Max-connection is the parameter in which is used to define the maximum connection limit to the Redis Server. You can set that value accordingly (Considering your server specification) with the following steps.

sudo vim /etc/rc.local

# make sure this line is just before of exit 0.
sysctl -w net.core.somaxconn=65365

This step requires the reboot if you don’t want to reboot the server execute the same sysctl command on the terminal itself.

Overcommit Memory

Overcommit memory is a kernel parameter which checks if the memory is available or not. If the overcommit memory value is 0 then there is a chance that your Redis will get OOM (Out of Memory) error. So do me a favor and change its value to 1 by using the following steps

echo 'vm.overcommit_memory = 1' >> /etc/sysctl.conf

RDB Persistence and Append Only File

RDB persistence and Append Only File options are used to persist data on disk. If you are using the cluster mode of Redis then the RDB persistence and AOF is not required. So simply comment out these lines in redis.conf

sudo vim /etc/redis/redis.conf

# Comment out these lines
save 900 1
save 300 10
save 60 10000

rdbcompression no
rdbchecksum no

appendonly no

Transparent Huge Page(THP)

Most of the people are not aware of this term. Basically, For making the translation of physical and virtual memory kernel uses the concept of paging. This feature was defined to enhance the memory mapping process but somehow it slows down the databases which are memory based (for example – in the case of Redis). To overcome this issue you can disable THP.

sudo vim /etc/rc.local # Add this line before exit 0 echo never > /sys/kernel/mm/transparent_hugepage/enabled

As graph also shows the difference in performance. The Red Bar is showing THP disabled performance and Blue Bar is showing THP disabled performance.

Some Other Basic Measures in Redis Configuration

Config Option

Value

Description

maxmemory

70% of the system

maxmemory should be 70 percent of the system so that it will not take all the resource of the server.

maxmemory-policy

volatile-lru

It adds a random key with an expiry time

loglevel

notice

Loglevel should be “notice”, so that log will not take too much resource

timeout

300

There should be a timeout value as well in redis configuration which prevents redis from spending too much time on the connection. It closes the connection of the client if it is ideal for more than 300 seconds.

So now your redis is ready to give a killer performance. In this blog, we have discussed redis best practices and performance tuning.
There are multiple factors which are yet to be explored to enhance the performance of Redis if you find that before I do, please let me know to improve this blog.

In my next blog, I will discuss around how can we do Redis Performance Testing and how we are doing it in our Organisation.

6 thoughts on “Redis Best Practices and Performance Tuning”
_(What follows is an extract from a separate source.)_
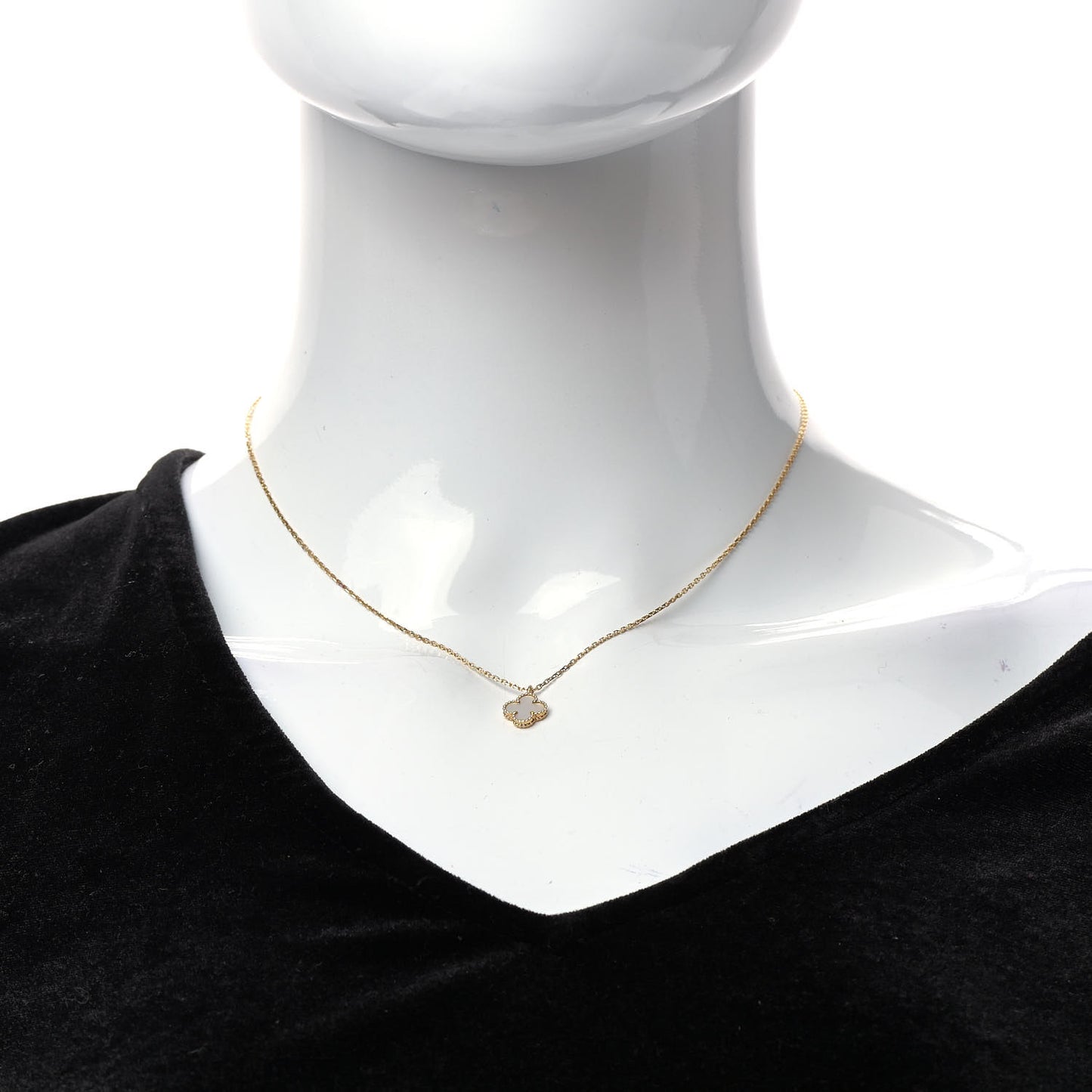 18K Yellow Gold Mother of Pearl Sweet Alhambra Pendant Necklace
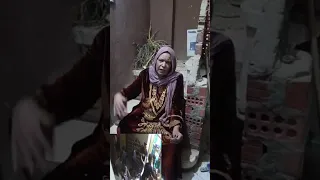 أول ظهور ل  والدة الزوج ض   حية زوج   ته بالمنيا ض   ربها بالقلم دندنها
  1. Thanks Abhishek,Recently I have read this blog, and today I faced the overcommit memory issue. My redis server is stopped working. I have set the \”vm.overcommit_memory = 1\” then redis starts working fine.

  2. “If you are using the cluster mode of Redis then the RDB persistence and AOF is not required.” – This seems incorrect, why would the presence of shards in a cluster mean that persistence is not required?

  3. Hi, in your example you suggest making keepalive = 0. But you’ve just said that keepalive is faster, so why are we turning it off? Or is “0” how you turn it on? Please clarify. Thanks!